Today we’ll be talking about silver bullets … like this one:
The idea of the silver bullet has its origins in horror movies and horror literature; it’s the one tool that can kill all of the monsters. It can kill the werewolves and the vampires.
When we talk about silver bullets in programming, we’re talking about the same kind of idea. Basically, it’s the quest to find a tool that can make our code better and bug-free and easy to maintain. I think this is something that we all do at some point in our career.
The story should be familiar to most of you. You go online, you read a blog post that really inspires you, or you attend a conference that’s really cool and you go to all of these tutorials. Maybe one idea really grabs you and you get super excited.
And on Monday you go back to your office, you talk to your team, you open up X-code and the first thing you want to do is implement this exciting new idea.
And you do that, and over time you start realizing that maybe the idea was not the perfect solution for your app, and that your app has some special needs and special constraints.
As time passes, basically you just create a technical debt for yourself. This ends in tears and you need to reflect and refactor. Basically, this keeps happening and I think it happens to senior developers and junior developers alike, so it’s not really a question of experience and I kept wondering why.
Why Do We Seek Out Silver Bullets?
The answer I came up with is that it’s about hype.
We got into programming because we love technology, we want to make things and we want to live in the future, so it’s natural that we get excited by new solutions.
When I’m talking about hype, I’m also talking about a trademarked idea of hype.

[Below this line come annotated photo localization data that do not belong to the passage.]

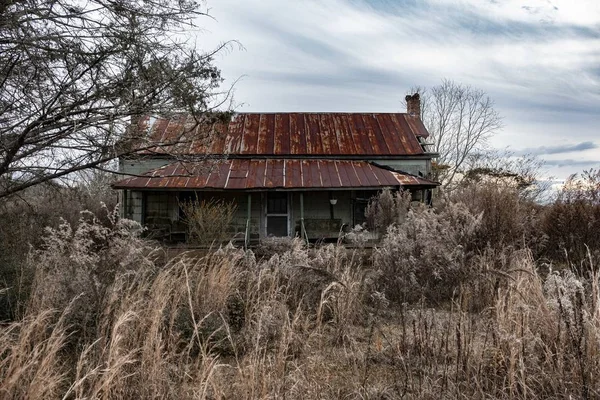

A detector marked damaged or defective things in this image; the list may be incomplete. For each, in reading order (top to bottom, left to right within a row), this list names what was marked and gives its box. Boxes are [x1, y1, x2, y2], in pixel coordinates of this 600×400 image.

rusty metal roof [136, 113, 426, 157]
rust stain on roof [138, 113, 428, 157]
rusty metal roof [113, 158, 440, 191]
rust stain on roof [113, 158, 440, 191]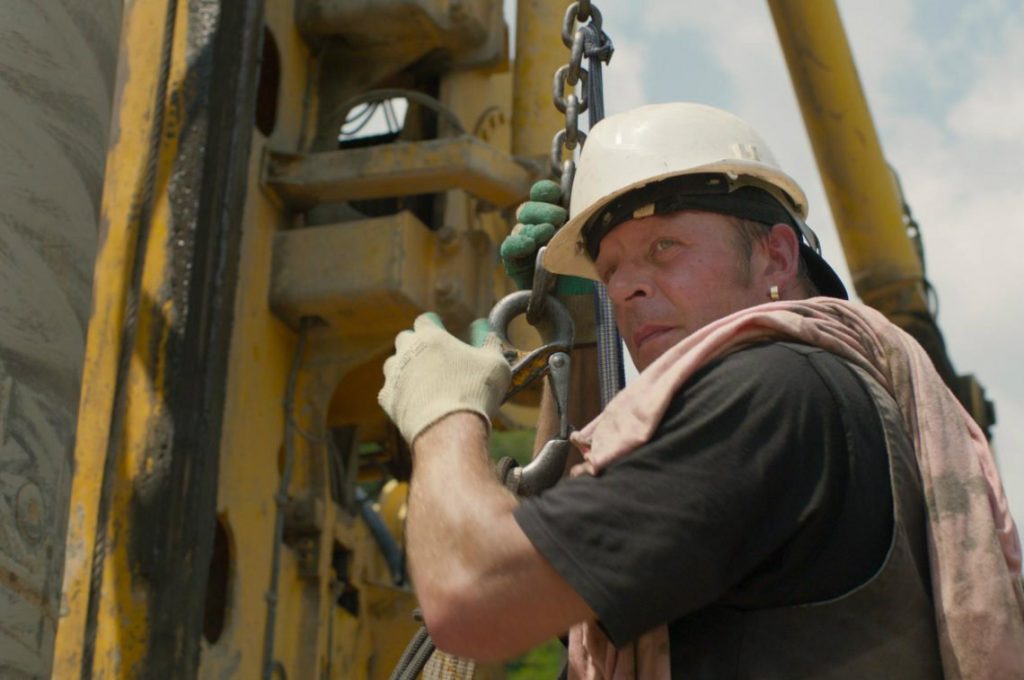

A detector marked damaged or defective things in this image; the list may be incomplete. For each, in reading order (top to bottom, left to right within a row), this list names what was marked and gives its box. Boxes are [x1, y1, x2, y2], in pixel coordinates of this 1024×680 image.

rusty metal beam [264, 133, 528, 206]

Gothno, which is a research firm, has this Hype curve, which looks like this:
It’s used for investors to assess the life cycle of technology adoption. All technologies start with a trigger, they reach a peak of inflated expectations, a trough of disillusionment and eventually a plateau of productivity. These are all great titles for them.
If you think about desktop computing, that’s somewhere deep in the plateau of productivity; with self-driving cars, we’re in the peak of inflated expectations.
I think this really applies to iOS technologies and frameworks and ideas as well. Basically, the point of this talk is trying to understand through experience and through shared stories how we can accelerate getting to that plateau of productivity because that journey is quite painful and expensive.
I’m going to talk about three trendy ideas in Swift. I will explain a bit about what they are, though I know you’ve had a busy two days, so I’ll keep it very brief. Then I’ll try and see what we can learn from them.
First up, we’re going to talk about protocol-oriented programming. In the past year I’ve attended a lot of conferences around Europe. Pretty much every one of them had a talk about protocol-oriented programming.
The buzz words when we talk about these are composition over inheritance.
As someone who grew up playing Legos, composition is something that we like, and the idea that we can build our classes by just putting things together is cool as a developer.
It got popular after this talk at WWC in 2015 where we met Crusty.
Apple really sold it as something that will really change the way we write code forever; it’s a great new paradigm for writing Swift code.
It’s often explained with cars, but I wanted to do a quick RW Devcon explanation, so I’ll explain it with tutorials.
You don’t need to look very deeply into this code, but if we wanted to do the object-oriented presentation of a tutorial, we can have a tutorial class with a couple of tutorial functions like writing and presenting and publishing. We have all the talks that we’ve had in this conference, like Mastering Git, and all the sub-classing, and the big tutorial superclass.
The problem arises when you have books and we just want to pick the right function from the tutorial. Basically, object-oriented programming gets very monolithic, and it’s very hard to pick and mix functions and use them as we want.
The big idea of protocol-oriented programming is that we just can break this down into protocols.
With Swift, we can have default implementations of things and then we just describe the tutorials as something that’s writable or publishable and presentable.
Then we can present books very easily, something that’s writable, an inspiration talk is something that’s presentable, we can even mock things up in a really nice way. This is super cool and it’s very useful but … it’s not a silver bullet.
Why? I think basically it comes down to this idea that if you have a hammer, everything looks like a nail.
Especially if it’s a hammer that you really enjoy using, you just want to use it again and again. I think we just went a bit overboard with this as a community.
You’ll see a lot of popular blog posts saying that if you’re sub-classing you’re doing it wrong. On Github, if you search for “protocol-oriented”, there are almost 180 repositories and that this is one of their selling points in Swift that it’s protocol-oriented.